→ **Record set**:
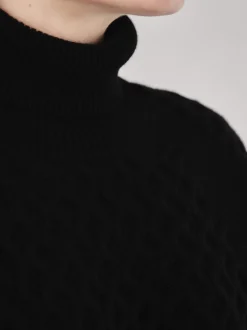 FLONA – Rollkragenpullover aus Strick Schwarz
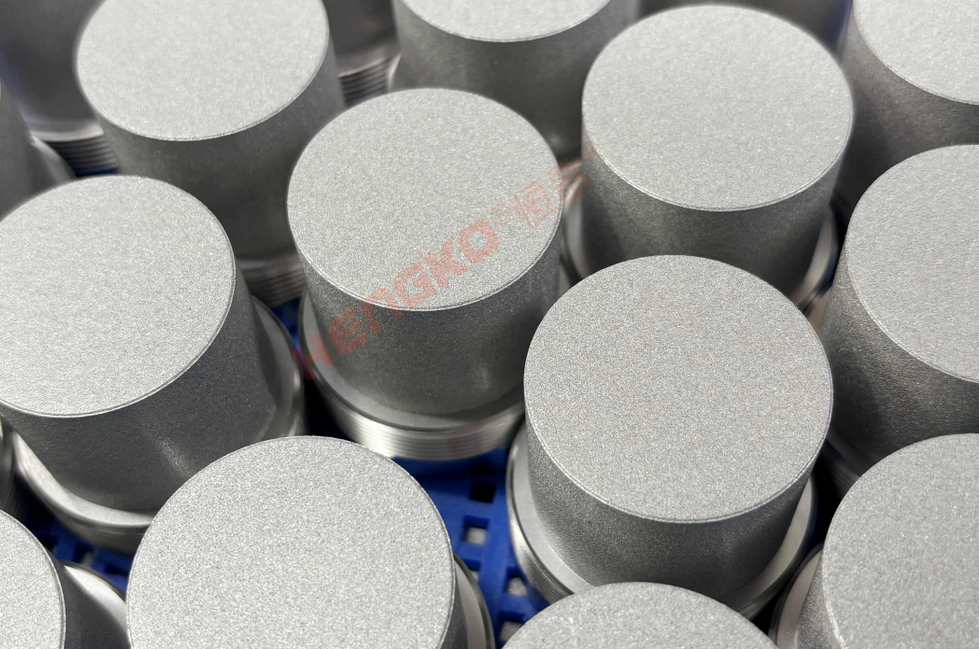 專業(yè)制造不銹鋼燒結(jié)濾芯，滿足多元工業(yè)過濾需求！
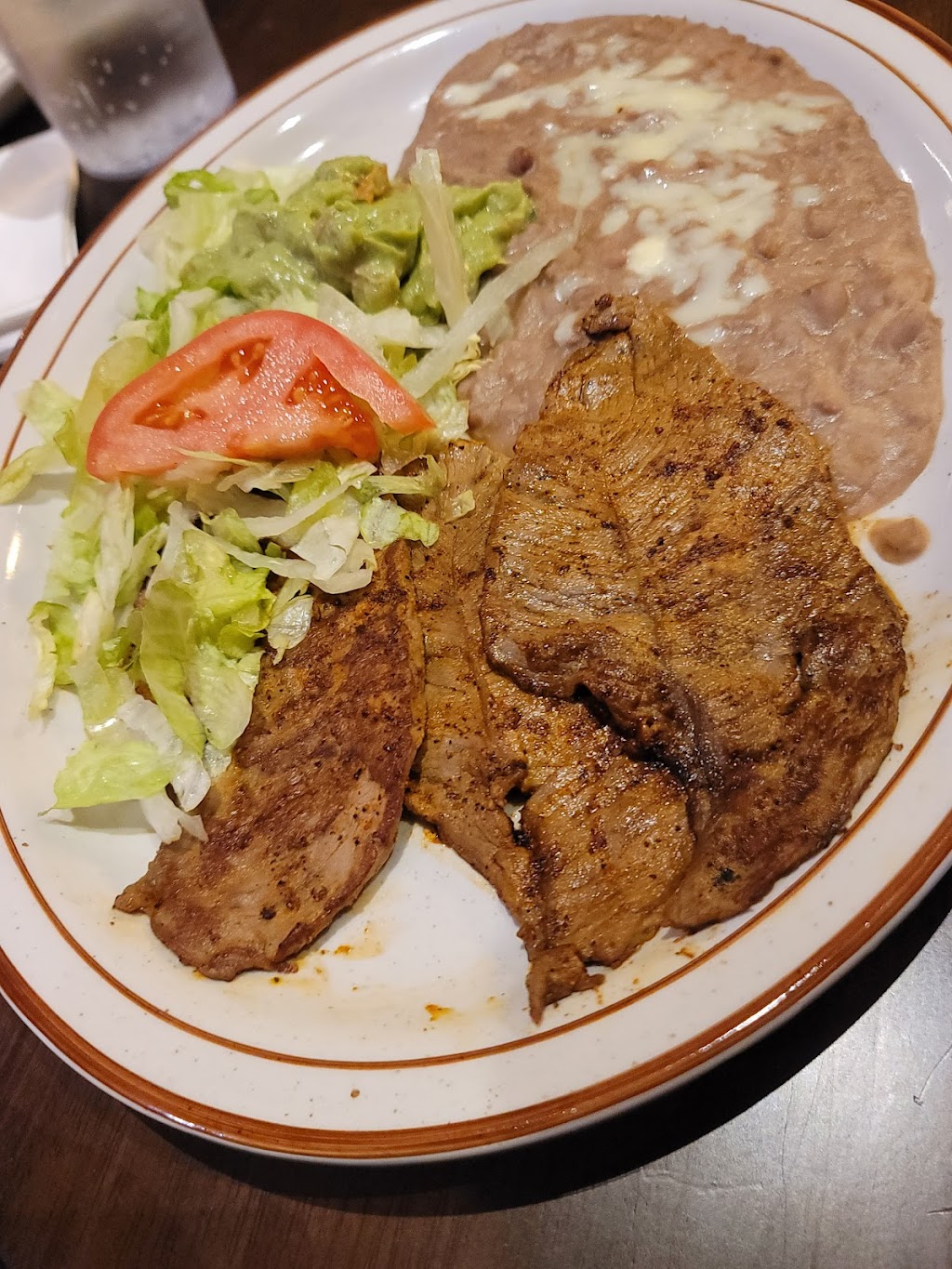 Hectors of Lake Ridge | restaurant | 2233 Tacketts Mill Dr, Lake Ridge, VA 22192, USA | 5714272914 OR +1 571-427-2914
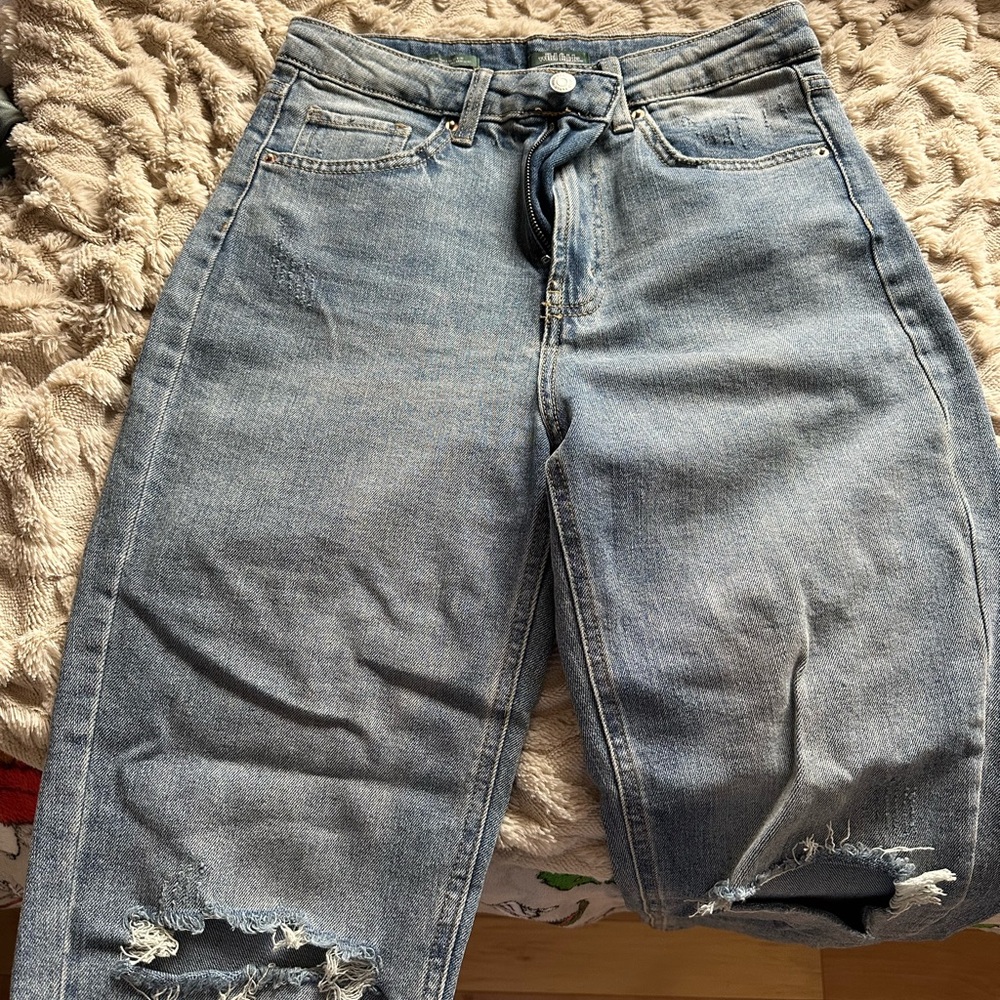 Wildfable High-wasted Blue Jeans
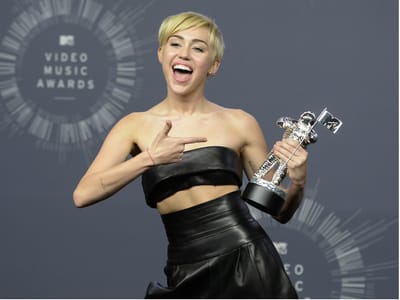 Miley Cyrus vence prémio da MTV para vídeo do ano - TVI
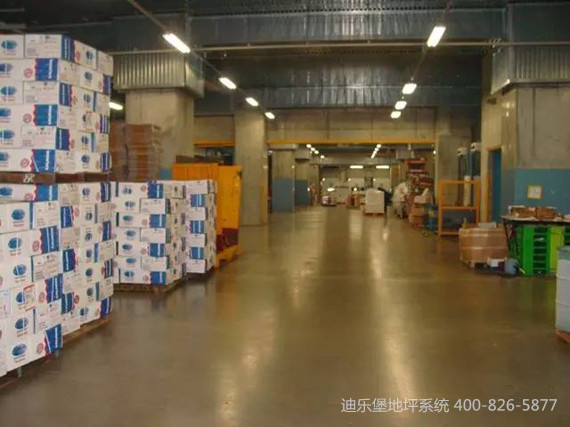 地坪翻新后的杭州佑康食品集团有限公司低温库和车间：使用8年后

→ **Required work**:
Every line from the one with "Hectors of Lake" through the last line of the material gets printed exactly, and nothing more. Omit the pictures.

→ **Solution**:
 Hectors of Lake Ridge | restaurant | 2233 Tacketts Mill Dr, Lake Ridge, VA 22192, USA | 5714272914 OR +1 571-427-2914
 Wildfable High-wasted Blue Jeans
 Miley Cyrus vence prémio da MTV para vídeo do ano - TVI
 地坪翻新后的杭州佑康食品集团有限公司低温库和车间：使用8年后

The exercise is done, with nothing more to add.